- **What the exercise asks**: Search the records for "eBook". Copy every line where it appears.

- **Short web captions**:
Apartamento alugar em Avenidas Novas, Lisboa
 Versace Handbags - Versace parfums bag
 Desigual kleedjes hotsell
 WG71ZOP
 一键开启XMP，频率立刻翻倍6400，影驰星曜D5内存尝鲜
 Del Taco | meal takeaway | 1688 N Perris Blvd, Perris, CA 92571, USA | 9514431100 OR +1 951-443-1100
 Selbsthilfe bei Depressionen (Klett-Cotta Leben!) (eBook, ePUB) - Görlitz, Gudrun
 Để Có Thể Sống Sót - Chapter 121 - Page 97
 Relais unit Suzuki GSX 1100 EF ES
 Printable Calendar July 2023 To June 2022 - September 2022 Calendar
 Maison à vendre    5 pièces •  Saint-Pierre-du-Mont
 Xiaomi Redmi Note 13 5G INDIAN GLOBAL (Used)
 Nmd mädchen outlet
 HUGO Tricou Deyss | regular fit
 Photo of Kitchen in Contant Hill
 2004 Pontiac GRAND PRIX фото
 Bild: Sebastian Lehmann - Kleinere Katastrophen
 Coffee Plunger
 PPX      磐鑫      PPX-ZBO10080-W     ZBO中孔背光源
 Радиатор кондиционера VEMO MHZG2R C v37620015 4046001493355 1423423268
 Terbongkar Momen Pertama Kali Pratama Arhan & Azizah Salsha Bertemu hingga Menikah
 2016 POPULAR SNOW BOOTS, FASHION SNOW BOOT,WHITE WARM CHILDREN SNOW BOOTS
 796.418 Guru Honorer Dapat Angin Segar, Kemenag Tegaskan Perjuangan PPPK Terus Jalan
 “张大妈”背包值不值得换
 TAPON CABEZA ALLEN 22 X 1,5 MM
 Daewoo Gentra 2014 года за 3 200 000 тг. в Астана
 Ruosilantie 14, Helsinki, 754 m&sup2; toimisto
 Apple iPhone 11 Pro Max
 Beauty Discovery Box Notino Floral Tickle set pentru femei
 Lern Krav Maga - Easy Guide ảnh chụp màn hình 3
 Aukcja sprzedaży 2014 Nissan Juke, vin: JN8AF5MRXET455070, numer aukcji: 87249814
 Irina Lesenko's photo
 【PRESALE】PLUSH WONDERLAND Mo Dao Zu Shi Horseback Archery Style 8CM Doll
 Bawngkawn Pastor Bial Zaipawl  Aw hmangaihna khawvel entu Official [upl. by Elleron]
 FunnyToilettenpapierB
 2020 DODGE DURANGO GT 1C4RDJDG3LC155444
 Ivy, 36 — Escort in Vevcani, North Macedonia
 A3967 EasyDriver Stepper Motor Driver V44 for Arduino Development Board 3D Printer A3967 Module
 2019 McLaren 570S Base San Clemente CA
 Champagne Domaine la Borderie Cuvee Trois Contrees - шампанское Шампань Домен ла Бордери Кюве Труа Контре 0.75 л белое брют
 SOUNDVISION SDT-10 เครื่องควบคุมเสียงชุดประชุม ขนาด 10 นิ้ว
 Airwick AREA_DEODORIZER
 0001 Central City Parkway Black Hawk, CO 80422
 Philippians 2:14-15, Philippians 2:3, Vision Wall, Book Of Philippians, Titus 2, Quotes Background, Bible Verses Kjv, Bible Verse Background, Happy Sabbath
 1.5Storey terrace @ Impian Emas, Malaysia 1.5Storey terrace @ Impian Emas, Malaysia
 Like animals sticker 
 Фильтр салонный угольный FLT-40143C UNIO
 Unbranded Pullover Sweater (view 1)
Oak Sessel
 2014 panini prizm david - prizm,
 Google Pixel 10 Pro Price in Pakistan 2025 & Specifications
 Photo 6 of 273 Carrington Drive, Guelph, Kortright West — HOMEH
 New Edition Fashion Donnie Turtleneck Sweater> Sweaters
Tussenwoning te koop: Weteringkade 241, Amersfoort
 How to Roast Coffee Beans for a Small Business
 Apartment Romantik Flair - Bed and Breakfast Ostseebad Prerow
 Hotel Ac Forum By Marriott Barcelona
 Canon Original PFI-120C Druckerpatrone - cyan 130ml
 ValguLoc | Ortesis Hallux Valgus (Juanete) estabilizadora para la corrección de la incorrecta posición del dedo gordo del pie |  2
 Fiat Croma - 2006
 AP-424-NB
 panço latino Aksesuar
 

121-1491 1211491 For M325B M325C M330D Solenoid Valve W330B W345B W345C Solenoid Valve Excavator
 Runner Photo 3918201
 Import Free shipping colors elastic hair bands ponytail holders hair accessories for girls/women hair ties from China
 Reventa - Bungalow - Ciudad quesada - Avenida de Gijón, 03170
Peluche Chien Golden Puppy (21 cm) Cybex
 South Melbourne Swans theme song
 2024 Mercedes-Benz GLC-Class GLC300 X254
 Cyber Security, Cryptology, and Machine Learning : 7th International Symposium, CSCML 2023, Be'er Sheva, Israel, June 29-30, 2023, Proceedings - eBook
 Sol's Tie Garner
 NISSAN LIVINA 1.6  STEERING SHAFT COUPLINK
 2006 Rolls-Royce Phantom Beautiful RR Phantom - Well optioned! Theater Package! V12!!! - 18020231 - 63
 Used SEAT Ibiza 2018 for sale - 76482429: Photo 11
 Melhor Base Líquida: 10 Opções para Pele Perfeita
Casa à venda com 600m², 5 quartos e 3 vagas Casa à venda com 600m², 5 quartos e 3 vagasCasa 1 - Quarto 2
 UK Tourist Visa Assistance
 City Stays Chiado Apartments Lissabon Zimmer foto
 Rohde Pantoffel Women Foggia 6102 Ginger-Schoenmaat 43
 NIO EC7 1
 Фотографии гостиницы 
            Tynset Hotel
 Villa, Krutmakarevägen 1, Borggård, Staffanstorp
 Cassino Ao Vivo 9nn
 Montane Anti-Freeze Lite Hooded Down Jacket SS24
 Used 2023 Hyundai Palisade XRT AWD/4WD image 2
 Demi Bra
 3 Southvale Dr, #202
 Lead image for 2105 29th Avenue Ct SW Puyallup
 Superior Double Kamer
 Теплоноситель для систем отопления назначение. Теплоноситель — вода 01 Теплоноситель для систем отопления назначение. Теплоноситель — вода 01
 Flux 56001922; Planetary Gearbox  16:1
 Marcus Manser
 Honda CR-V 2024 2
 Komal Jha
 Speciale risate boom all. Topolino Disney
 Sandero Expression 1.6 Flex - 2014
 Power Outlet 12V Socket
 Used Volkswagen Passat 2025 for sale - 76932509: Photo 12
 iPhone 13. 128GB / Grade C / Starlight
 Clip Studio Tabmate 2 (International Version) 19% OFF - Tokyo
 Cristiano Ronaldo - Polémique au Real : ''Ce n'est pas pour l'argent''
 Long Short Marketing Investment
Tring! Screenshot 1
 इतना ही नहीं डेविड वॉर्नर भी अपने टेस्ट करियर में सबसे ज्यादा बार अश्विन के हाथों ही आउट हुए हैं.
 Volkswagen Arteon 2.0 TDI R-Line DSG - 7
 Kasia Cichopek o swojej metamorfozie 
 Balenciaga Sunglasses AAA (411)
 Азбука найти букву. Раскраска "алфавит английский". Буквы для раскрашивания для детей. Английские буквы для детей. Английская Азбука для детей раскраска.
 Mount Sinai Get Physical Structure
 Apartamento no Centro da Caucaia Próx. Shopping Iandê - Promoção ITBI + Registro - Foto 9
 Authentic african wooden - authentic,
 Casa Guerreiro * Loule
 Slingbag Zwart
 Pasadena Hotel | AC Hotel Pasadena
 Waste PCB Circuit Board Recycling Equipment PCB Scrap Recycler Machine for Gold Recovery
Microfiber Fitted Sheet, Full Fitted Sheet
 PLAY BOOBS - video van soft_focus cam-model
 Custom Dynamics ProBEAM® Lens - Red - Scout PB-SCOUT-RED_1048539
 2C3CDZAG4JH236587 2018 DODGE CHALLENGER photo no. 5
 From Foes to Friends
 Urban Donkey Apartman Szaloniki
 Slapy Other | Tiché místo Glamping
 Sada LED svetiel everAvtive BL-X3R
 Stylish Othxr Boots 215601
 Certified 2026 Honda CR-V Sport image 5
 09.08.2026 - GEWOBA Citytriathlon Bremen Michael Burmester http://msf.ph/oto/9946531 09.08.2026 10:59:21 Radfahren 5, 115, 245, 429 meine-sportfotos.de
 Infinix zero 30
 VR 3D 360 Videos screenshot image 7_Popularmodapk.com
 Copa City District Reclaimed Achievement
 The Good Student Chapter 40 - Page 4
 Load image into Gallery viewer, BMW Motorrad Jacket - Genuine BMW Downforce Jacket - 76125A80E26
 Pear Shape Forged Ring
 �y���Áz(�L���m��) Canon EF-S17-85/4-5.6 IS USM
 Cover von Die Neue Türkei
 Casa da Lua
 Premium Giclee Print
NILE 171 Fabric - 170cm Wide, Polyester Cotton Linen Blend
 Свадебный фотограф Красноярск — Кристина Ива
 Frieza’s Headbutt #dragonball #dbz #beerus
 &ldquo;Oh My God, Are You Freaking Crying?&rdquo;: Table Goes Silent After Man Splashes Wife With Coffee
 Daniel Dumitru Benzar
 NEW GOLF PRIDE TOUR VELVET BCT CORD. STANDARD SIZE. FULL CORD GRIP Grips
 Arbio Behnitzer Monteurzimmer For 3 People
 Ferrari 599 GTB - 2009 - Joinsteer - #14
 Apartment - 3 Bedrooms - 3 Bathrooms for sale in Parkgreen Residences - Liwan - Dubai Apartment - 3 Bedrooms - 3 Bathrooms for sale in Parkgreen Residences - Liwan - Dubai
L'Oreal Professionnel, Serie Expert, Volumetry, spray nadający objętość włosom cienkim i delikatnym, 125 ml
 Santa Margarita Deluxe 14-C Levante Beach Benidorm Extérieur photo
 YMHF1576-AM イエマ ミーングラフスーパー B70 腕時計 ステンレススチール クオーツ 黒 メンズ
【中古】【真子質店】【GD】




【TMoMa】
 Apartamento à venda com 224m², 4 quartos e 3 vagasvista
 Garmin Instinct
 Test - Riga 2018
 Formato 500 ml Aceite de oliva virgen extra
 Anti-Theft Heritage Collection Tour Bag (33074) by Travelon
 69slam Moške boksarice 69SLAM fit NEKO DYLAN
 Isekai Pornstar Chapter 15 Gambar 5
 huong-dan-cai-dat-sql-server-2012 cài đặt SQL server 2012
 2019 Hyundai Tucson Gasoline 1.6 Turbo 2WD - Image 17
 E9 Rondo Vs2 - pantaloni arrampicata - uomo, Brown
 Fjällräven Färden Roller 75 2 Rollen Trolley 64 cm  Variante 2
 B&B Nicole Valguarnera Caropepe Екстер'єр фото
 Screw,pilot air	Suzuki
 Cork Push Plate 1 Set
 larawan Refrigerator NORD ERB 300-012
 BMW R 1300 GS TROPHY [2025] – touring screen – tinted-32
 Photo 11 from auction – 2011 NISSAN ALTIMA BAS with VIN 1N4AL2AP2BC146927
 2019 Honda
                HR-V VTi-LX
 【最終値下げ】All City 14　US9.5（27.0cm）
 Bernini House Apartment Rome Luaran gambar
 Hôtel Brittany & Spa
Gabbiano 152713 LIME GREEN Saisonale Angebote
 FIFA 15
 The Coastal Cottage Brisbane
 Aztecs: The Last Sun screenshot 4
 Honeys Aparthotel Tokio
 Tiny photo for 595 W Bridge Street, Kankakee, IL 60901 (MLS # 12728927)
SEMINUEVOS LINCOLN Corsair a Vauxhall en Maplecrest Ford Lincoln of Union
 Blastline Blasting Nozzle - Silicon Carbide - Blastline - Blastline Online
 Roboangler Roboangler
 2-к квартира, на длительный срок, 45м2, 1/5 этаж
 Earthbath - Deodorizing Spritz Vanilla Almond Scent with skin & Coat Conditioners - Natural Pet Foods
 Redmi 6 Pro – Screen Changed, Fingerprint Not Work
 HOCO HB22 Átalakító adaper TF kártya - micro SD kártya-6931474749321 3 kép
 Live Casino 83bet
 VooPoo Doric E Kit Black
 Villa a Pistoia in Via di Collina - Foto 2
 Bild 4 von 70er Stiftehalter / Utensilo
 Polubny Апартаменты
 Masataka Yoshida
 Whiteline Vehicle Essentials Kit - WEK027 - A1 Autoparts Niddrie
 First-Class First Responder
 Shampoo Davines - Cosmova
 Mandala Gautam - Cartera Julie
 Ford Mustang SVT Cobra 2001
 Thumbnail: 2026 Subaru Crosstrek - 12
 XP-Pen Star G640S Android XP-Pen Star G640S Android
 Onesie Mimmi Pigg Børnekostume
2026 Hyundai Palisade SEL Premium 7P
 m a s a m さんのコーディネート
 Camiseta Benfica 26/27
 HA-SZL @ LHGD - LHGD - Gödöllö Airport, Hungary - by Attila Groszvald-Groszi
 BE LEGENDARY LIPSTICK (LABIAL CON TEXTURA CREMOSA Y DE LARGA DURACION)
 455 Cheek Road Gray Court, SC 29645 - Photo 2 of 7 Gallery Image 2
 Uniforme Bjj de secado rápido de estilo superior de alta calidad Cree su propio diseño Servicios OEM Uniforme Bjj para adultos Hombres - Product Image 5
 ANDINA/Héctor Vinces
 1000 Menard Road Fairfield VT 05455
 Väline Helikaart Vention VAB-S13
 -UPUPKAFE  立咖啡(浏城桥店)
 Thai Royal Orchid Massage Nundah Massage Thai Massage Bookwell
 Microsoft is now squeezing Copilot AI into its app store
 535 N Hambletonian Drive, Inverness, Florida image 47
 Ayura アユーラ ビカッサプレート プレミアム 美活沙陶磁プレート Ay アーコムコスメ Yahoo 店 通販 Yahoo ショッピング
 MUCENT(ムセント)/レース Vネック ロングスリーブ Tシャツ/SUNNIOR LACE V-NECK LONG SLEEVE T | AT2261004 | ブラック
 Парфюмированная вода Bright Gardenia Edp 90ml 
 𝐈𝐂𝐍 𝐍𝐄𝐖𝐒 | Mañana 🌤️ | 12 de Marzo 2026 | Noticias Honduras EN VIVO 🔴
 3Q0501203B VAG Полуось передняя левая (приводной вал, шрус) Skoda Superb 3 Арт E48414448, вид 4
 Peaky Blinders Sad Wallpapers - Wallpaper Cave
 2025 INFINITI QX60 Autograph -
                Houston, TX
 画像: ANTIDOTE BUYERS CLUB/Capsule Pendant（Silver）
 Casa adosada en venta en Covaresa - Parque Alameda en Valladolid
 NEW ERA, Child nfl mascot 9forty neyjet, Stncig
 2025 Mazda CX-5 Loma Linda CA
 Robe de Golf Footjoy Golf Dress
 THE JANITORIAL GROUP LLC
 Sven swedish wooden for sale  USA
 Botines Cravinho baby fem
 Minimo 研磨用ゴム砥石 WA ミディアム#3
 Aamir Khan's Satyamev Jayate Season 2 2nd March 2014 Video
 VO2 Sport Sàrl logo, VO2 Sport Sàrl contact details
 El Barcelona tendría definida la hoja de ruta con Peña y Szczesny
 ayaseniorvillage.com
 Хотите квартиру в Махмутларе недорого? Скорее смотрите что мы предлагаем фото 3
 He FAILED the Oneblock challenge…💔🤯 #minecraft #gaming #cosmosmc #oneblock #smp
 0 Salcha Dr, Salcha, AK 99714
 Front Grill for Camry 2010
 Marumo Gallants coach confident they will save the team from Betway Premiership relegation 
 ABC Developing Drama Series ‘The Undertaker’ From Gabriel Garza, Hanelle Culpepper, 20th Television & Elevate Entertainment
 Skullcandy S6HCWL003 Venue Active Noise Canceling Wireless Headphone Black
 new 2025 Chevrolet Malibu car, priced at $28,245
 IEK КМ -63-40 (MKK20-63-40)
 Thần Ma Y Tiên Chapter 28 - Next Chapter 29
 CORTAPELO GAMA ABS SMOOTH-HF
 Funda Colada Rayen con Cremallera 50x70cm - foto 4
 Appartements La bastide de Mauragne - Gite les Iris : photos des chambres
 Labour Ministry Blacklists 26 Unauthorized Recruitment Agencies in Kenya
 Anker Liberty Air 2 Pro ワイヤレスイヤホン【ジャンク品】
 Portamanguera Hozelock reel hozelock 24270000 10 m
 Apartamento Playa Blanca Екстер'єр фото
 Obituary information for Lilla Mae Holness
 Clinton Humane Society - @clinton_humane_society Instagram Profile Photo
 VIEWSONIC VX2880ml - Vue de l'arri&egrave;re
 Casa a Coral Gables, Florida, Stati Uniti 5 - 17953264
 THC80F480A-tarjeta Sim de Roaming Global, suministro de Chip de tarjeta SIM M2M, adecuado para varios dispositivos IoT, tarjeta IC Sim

- **Expected output**:
 Selbsthilfe bei Depressionen (Klett-Cotta Leben!) (eBook, ePUB) - Görlitz, Gudrun
 Cyber Security, Cryptology, and Machine Learning : 7th International Symposium, CSCML 2023, Be'er Sheva, Israel, June 29-30, 2023, Proceedings - eBook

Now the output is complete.